What the task asks = A faithful copy of the listing below is needed, with its pictures left out.

[[ Exercise inputs open ]]

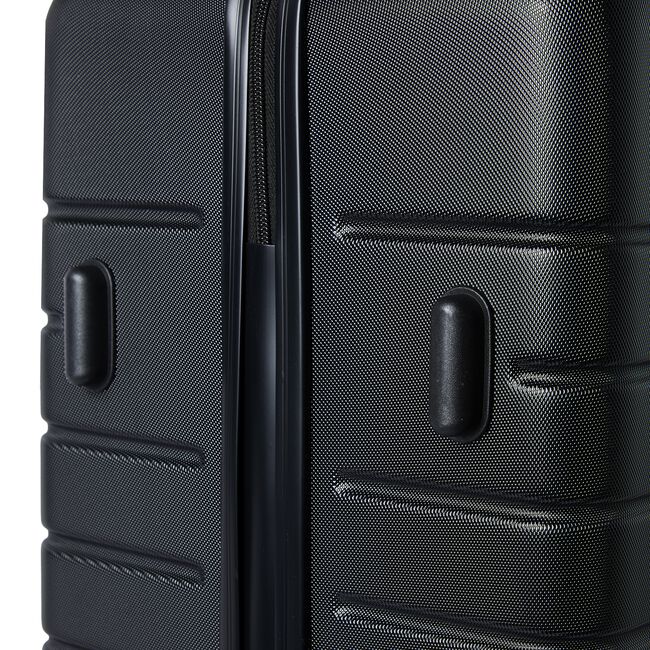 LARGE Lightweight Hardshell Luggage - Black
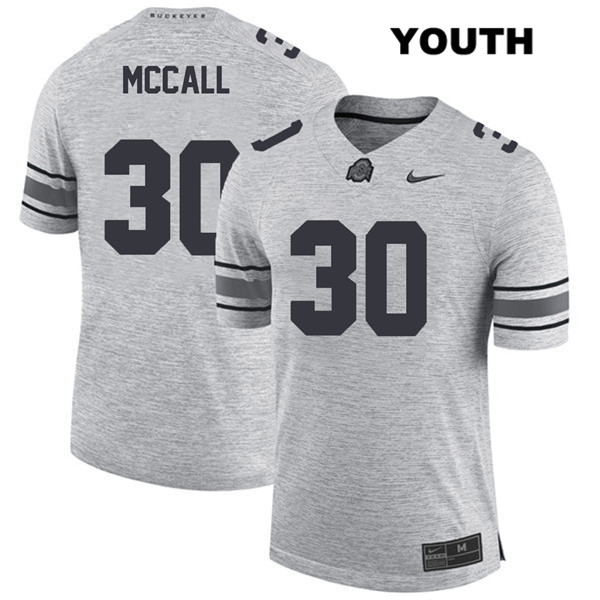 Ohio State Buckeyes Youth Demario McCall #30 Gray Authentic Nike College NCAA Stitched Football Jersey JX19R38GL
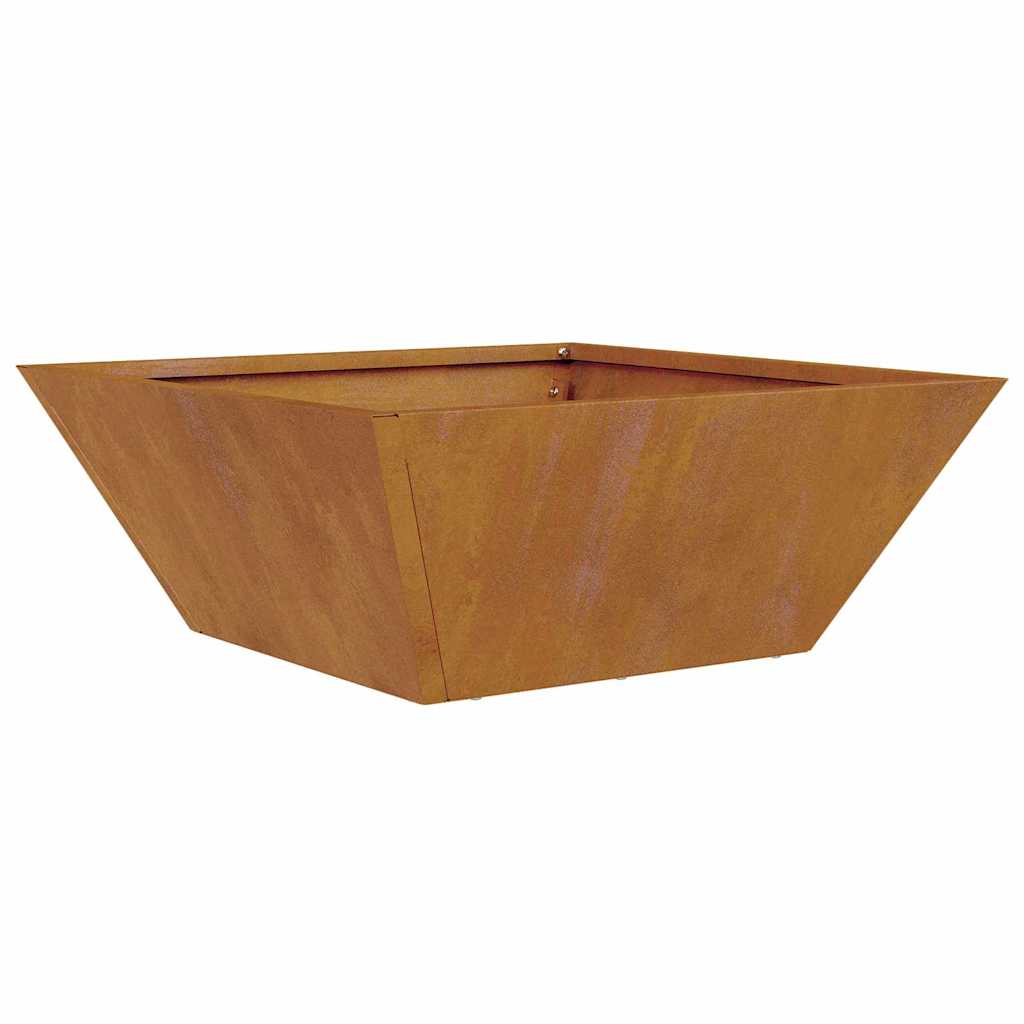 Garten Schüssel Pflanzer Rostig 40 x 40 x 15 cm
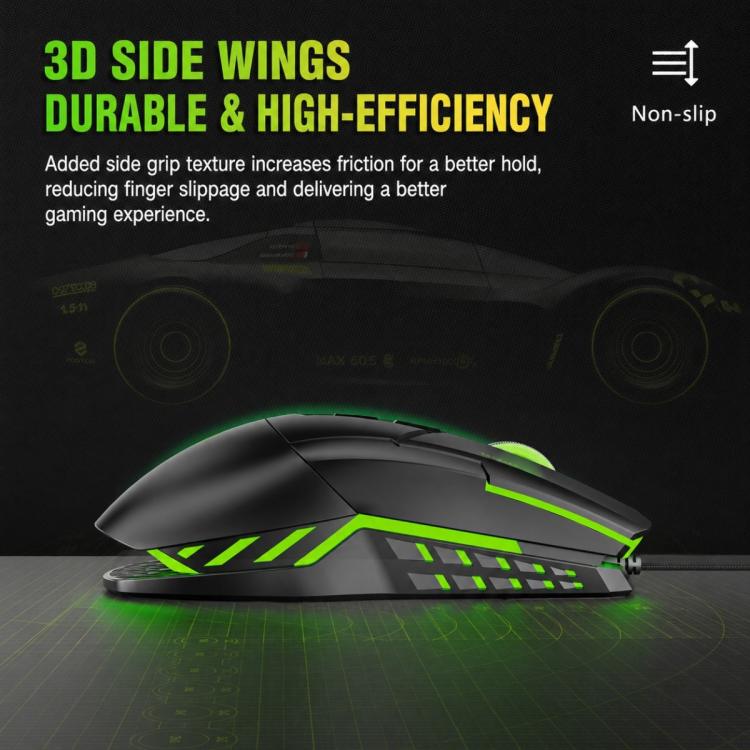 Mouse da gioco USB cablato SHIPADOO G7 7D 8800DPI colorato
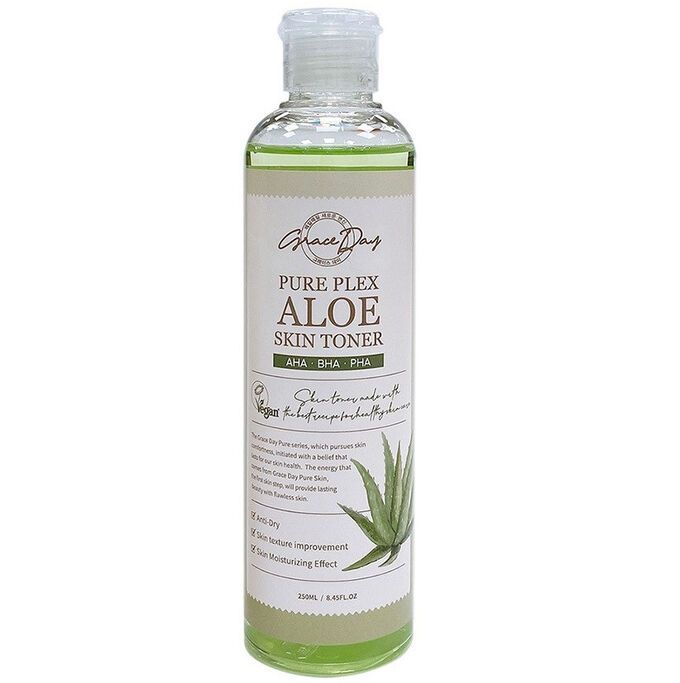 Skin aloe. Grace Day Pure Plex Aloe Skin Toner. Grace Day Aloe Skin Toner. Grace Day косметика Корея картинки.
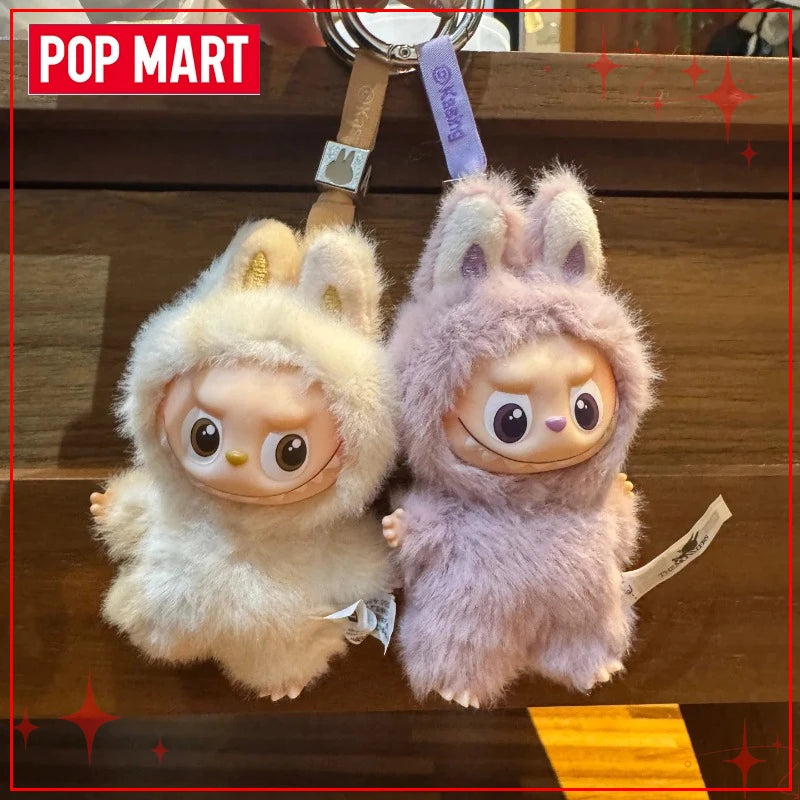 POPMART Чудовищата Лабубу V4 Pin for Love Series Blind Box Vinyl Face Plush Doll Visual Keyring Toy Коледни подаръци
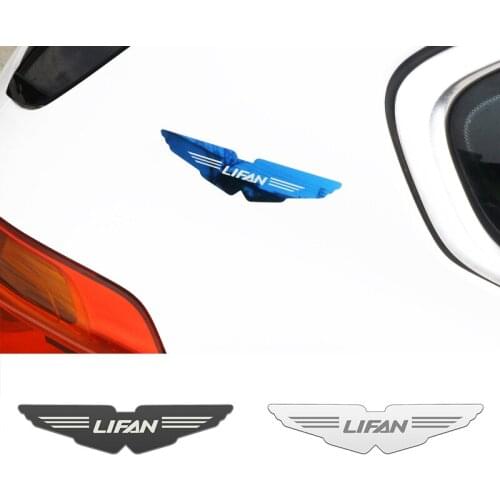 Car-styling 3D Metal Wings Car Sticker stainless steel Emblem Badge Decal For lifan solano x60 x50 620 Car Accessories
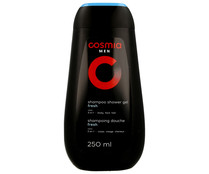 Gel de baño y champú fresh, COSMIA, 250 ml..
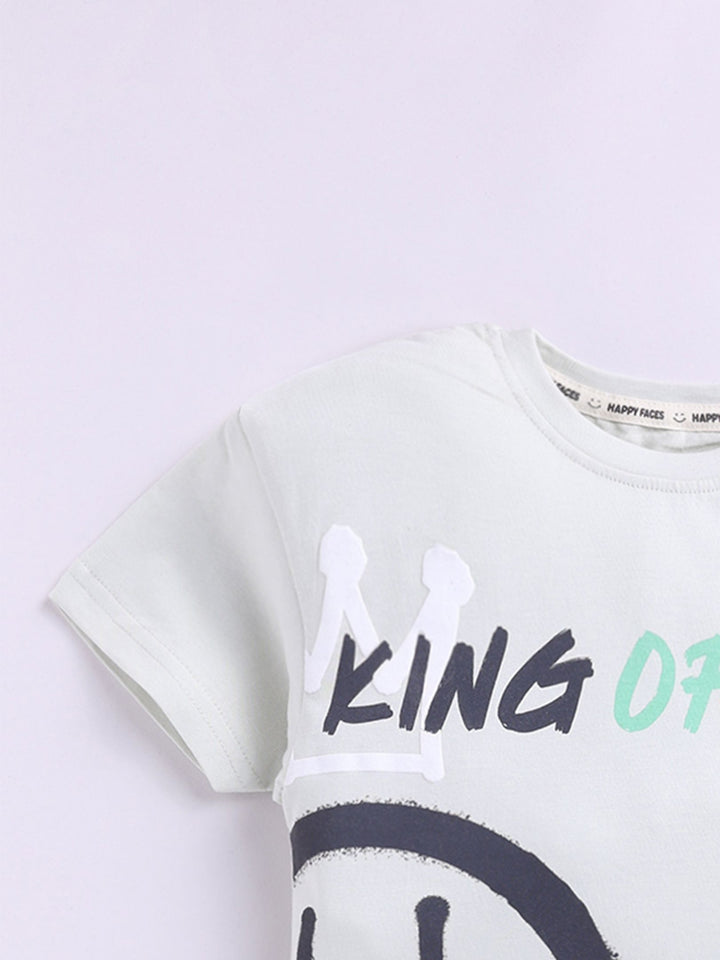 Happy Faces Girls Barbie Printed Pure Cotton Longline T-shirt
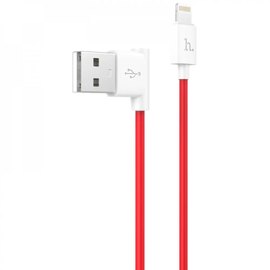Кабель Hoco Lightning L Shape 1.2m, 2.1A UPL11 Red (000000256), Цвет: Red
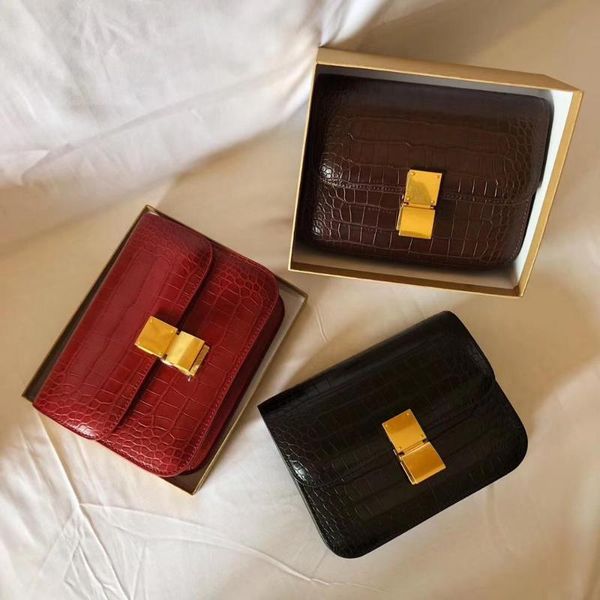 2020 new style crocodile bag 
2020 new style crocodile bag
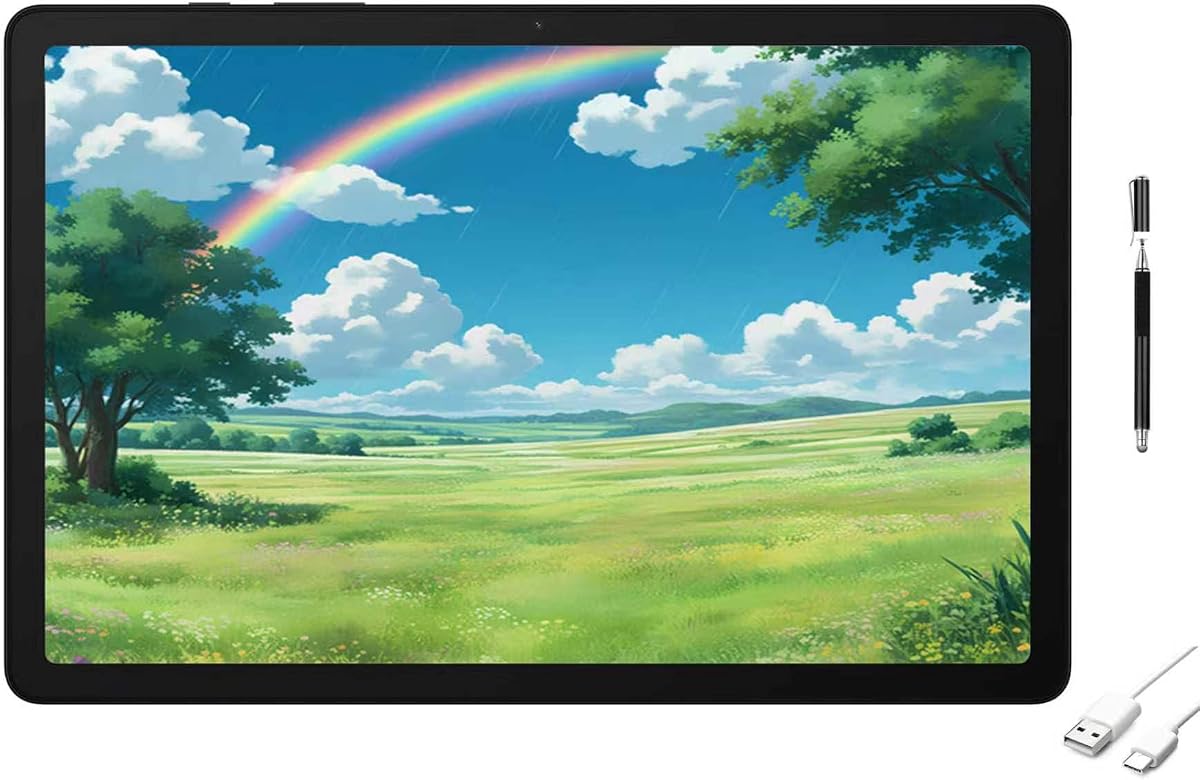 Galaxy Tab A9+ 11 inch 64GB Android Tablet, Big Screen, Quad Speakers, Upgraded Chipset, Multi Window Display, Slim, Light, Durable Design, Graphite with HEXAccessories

[[ Exercise inputs closed ]]

Solution for this problem =
 LARGE Lightweight Hardshell Luggage - Black
 Ohio State Buckeyes Youth Demario McCall #30 Gray Authentic Nike College NCAA Stitched Football Jersey JX19R38GL
 Garten Schüssel Pflanzer Rostig 40 x 40 x 15 cm
 Mouse da gioco USB cablato SHIPADOO G7 7D 8800DPI colorato
 Skin aloe. Grace Day Pure Plex Aloe Skin Toner. Grace Day Aloe Skin Toner. Grace Day косметика Корея картинки.
 POPMART Чудовищата Лабубу V4 Pin for Love Series Blind Box Vinyl Face Plush Doll Visual Keyring Toy Коледни подаръци
 Car-styling 3D Metal Wings Car Sticker stainless steel Emblem Badge Decal For lifan solano x60 x50 620 Car Accessories
 Gel de baño y champú fresh, COSMIA, 250 ml..
 Happy Faces Girls Barbie Printed Pure Cotton Longline T-shirt
Кабель Hoco Lightning L Shape 1.2m, 2.1A UPL11 Red (000000256), Цвет: Red
 2020 new style crocodile bag 
2020 new style crocodile bag
 Galaxy Tab A9+ 11 inch 64GB Android Tablet, Big Screen, Quad Speakers, Upgraded Chipset, Multi Window Display, Slim, Light, Durable Design, Graphite with HEXAccessories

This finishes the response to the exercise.